That I was there at all was remarkable.
The country is one of the world’s most closed to the press and my colleagues and I were the first reporters from AFP admitted in five years.
Even more surprising was that I’d come along with a bunch of Ethiopians on an Ethiopian Airlines flight.
For the past 20 years, the two countries haven’t been on speaking terms. They have a long and tortured history but the current trouble started in 1998, when a border dispute turned violent and led to a bloody war that ended in 2000.
They then stared each other down for another 18 years after Ethiopia refused to cede Eritrean territory taken during the war in violation of a ruling by a UN commission that demarcated the contested border.
People called the years of stalemate “no war no peace”, and it was made all the more bitter by the close cultural and ethnic relationships between the countries.
Eritrea was once part of Ethiopia, and even after its 1993 independence following a decades-long war, families and friendships remained intertwined.
Last April, Prime Minister Abiy Ahmed took the helm in Ethiopia and announced he wanted peace with Eritrea.

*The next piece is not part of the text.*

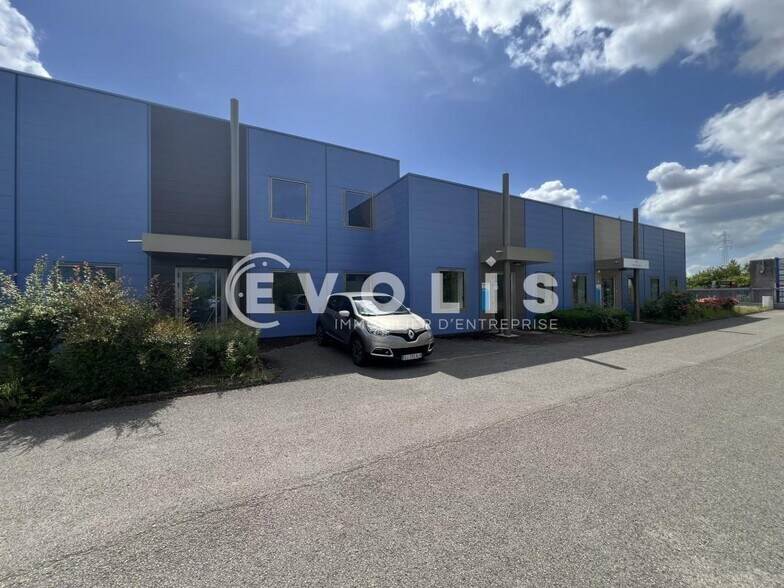 Local d’activités dans Blyes à louer - Photo de l’immeuble – Image 3 sur 27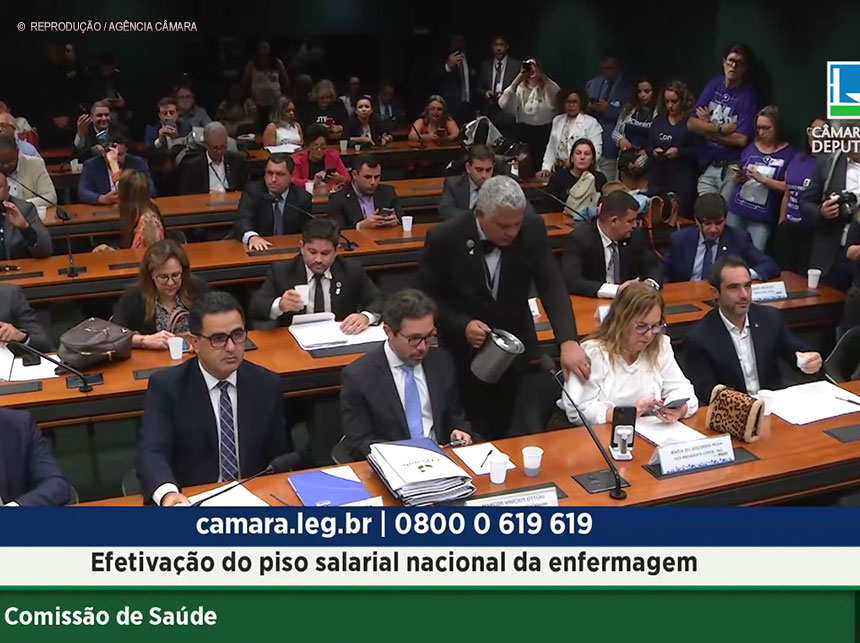 Câmara realiza audiência pública sobre efetivação do piso salarial nacional da enfermagem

Two months later, he had it: after announcing Ethiopia would hand over the disputed Eritrean territory, he signed a peace pact with Eritrea’s President Isaias Afwerki.
Not long after that, I and two AFP colleagues were among a group of journalists on one of the first Ethiopian Airlines flights to Asmara since the war.
I’m going to remember all kinds of things about that flight, from the dancing in the aisles, to the musicians who pulled out traditional Ethiopian instruments as soon as the fasten seat belt sign went off.
But what I’ll remember most is how I realised the lasting damage the war wrought on both Ethiopian and Eritrean societies.
Onboard were people going to Asmara to find brothers, cousins and friends they’d been separated from for years, after the two countries bluntly severed relations.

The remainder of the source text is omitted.